Dans un éditorial du 24 juillet du quotidien saoudien Al-Sharq Al-Awsat, basé à Londres, la journaliste libanaise Huda Al-Husseini critique la conduite du Hamas lors des affrontements avec Israël dans la bande de Gaza. D’après elle, la branche militaire du Hamas a déclenché la guerre au moment qui l’arrangeait, c’est-à-dire après d’être retrouvée politiquement isolée par l’axe de la résistance « Iran, Syrie, Hezbollah ». Selon elle, le Hamas a cherché à incommoder l’Egypte et d’autres pays arabes en les entraînant dans le conflit avec Israël – mais les Arabes n’ont pas mordu à l’hameçon.
La politique du Hamas nuit gravement à la population palestinienne, dit-elle, comme le révèle la situation catastrophique à Gaza. La population est sans défense parce que le Hamas s’est consacré à la construction de tunnels visant à attaquer Israël plutôt qu’à celle d’abris destinés à protéger les civils. Extraits de son éditorial :
La politique du Hamas est déterminée par sa branhe militaire......
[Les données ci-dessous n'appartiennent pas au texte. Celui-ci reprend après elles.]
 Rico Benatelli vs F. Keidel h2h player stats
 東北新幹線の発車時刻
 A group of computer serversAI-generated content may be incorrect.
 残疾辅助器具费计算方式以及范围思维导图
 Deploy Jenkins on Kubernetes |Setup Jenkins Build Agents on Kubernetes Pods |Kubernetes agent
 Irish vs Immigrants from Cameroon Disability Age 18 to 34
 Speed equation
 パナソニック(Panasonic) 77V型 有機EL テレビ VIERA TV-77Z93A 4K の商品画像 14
Tant qu’il y aura des hommes, il y aura des guerres. Tant qu’Israël, le Hamas, [les Brigades] Izz Al-Din Al-Qassam et le Jihad islamique existeront, les enfants de Gaza continueront de mourir. [Le Premier ministre du Hamas à Gaza] Ismail Haniyeh a déclaré : « Nous n’avons rien à perdre ». Des corps déchiquetés et des cadavres d’enfants [sont éparpillés dans Gaza] et pourtant, « nous n’avons rien à perdre ». Des femmes agitent des drapeaux blancs mais « nous n’avons rien à perdre ». Les maisons sont démolies sur la tête de leurs habitants, mais « nous n’avons rien à perdre ». La situation humanitaire est catastrophique mais « nous n’avons rien à perdre ».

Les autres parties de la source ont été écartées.